So Alex Rodriguez has admitted to taking "a banned substance" after initially telling America he'd done no such thing.
Oops. Guess he can add liar to his list of accomplishments.
Ironically, the most vilified of people who testified, Mark McGwire, is now the only one we know for sure did not lie -- because he would not say he hadn't used. (Woulda been pointless. Shakespeare knows McGwire used, and Shakespeare's been dead a while.)
And Rodriguez has come out and apologized and said he was young and stupid and trying to live up to his contract ...
and it's a pile of horseshit.
Oh, I have no doubt he felt pressure to live up to a quarter-billion-dollar contract.
And while I think the "young and stupid" defense is rubbish -- Rodriguez was 24 in 2001, and while that may seem young to many, he debuted in MLB when he was not quite 19.

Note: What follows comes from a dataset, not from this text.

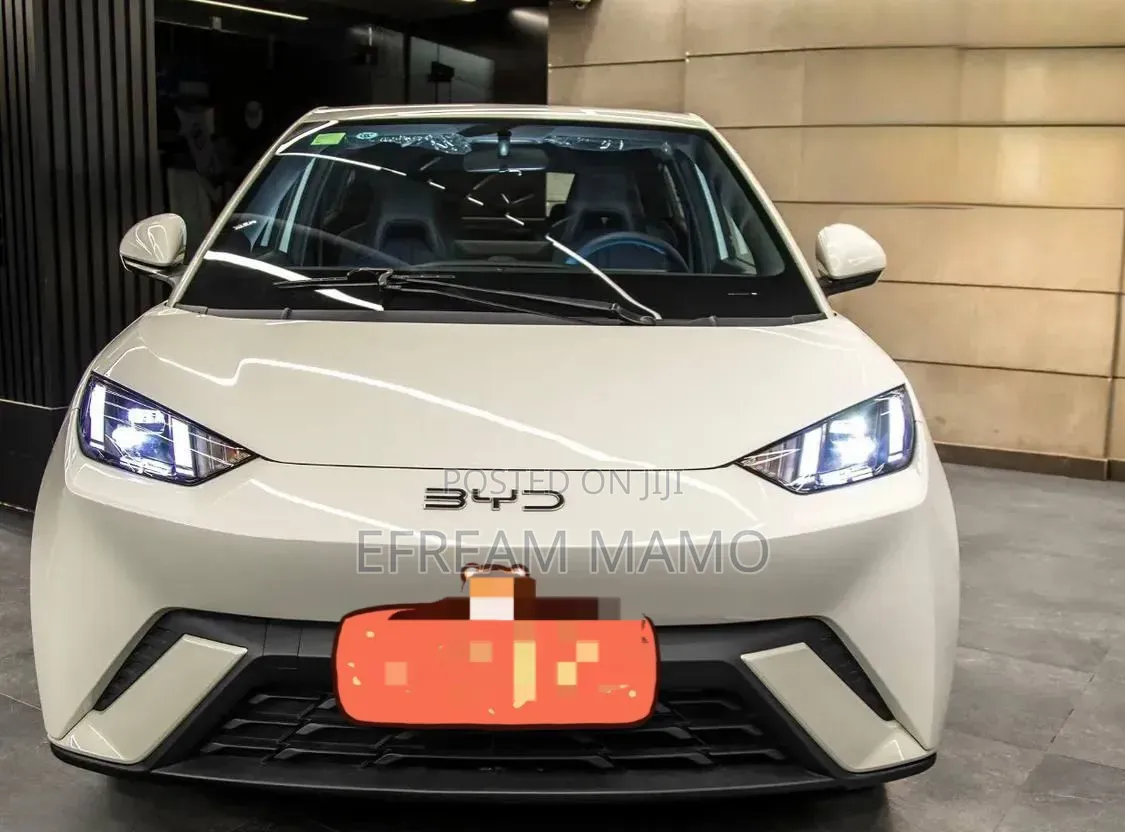 BYD Seagull 2025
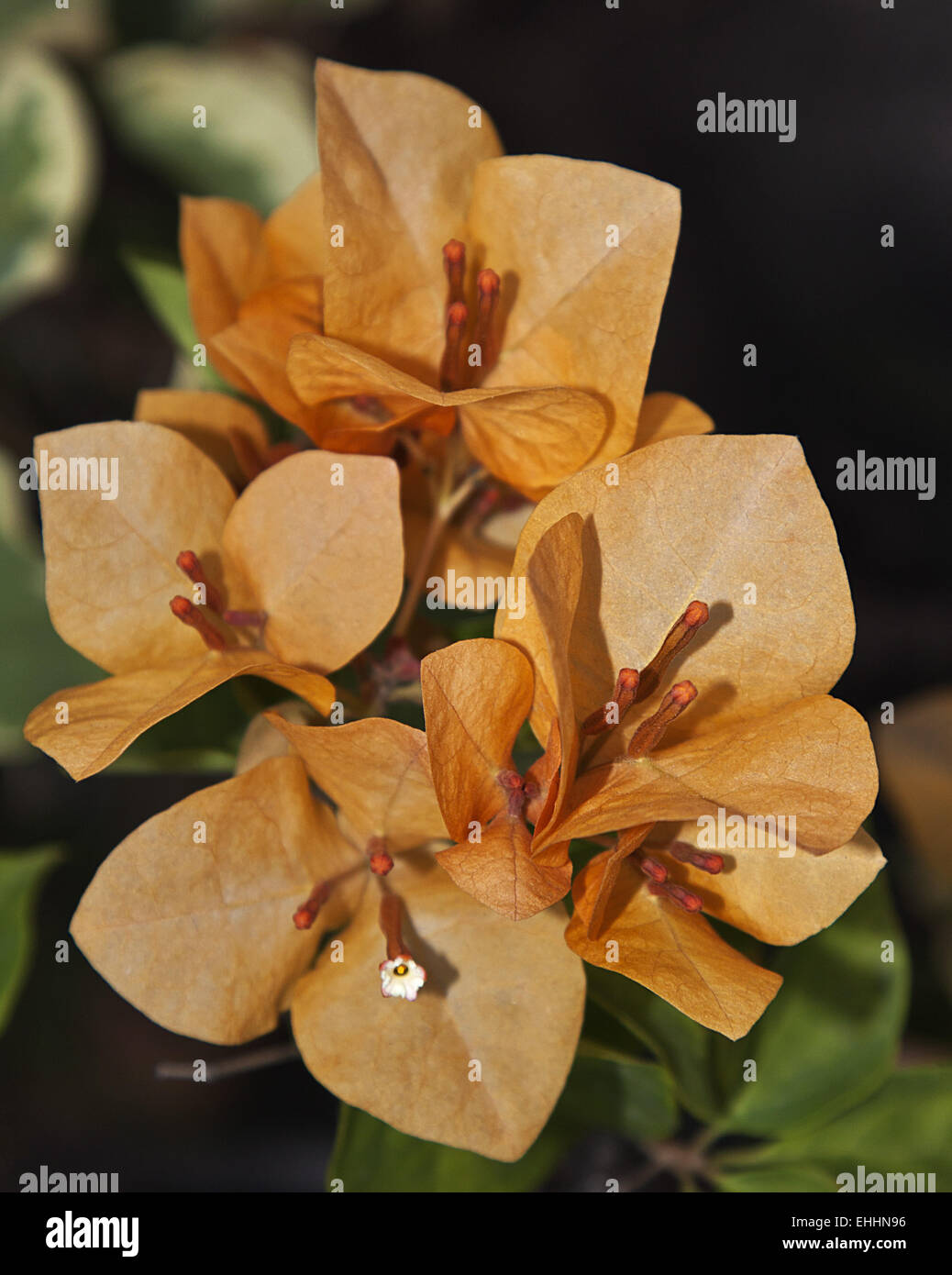 Bougainville Stock Photo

Five years in the league -- a league that had banned steroids 10 years previously -- and he wants us to think he was young and stupid.
You do not get to the majors if you are stupid. Oh, sure, maybe you don't have a lot of book learning, maybe you sound dumb when you talk, but getting to the major leagues takes a lot of disciplined, focused, targeted work.
And if you are young and stupid, you should not be pulling in $20+ million dollars per year, which is the reason Rodriguez gives for why he started taking steroids in 2001.
But here is where the argument breaks down, for me:
"To be quite honest I don't know exactly what substance I was guilty of using."
Versus:
"When I arrived in Texas in 2001, I felt an enormous amount of pressure, felt all the weight of the world on top of me to perform and perform at a high level every day."
OK, I get the pressure element inasmuch as someone who will never see a million dollars, let alone 250 of them, can.
But if you have that kind of pressure on you, you're examining everything you do. You're monitoring your nutritional supplements, you're getting everything you can out of your workouts, your batting practice, whatever.
And you're sure as HELL not using anything without knowing what it is and what it will do.
The "I didn't know what I was taking" argument didn't wash with Barry Bonds, who testified before a grand jury that he didn't know he was taking steroids.
(Flaxseed oil? Seriously? C'mon. At least make up something amusingly absurd.)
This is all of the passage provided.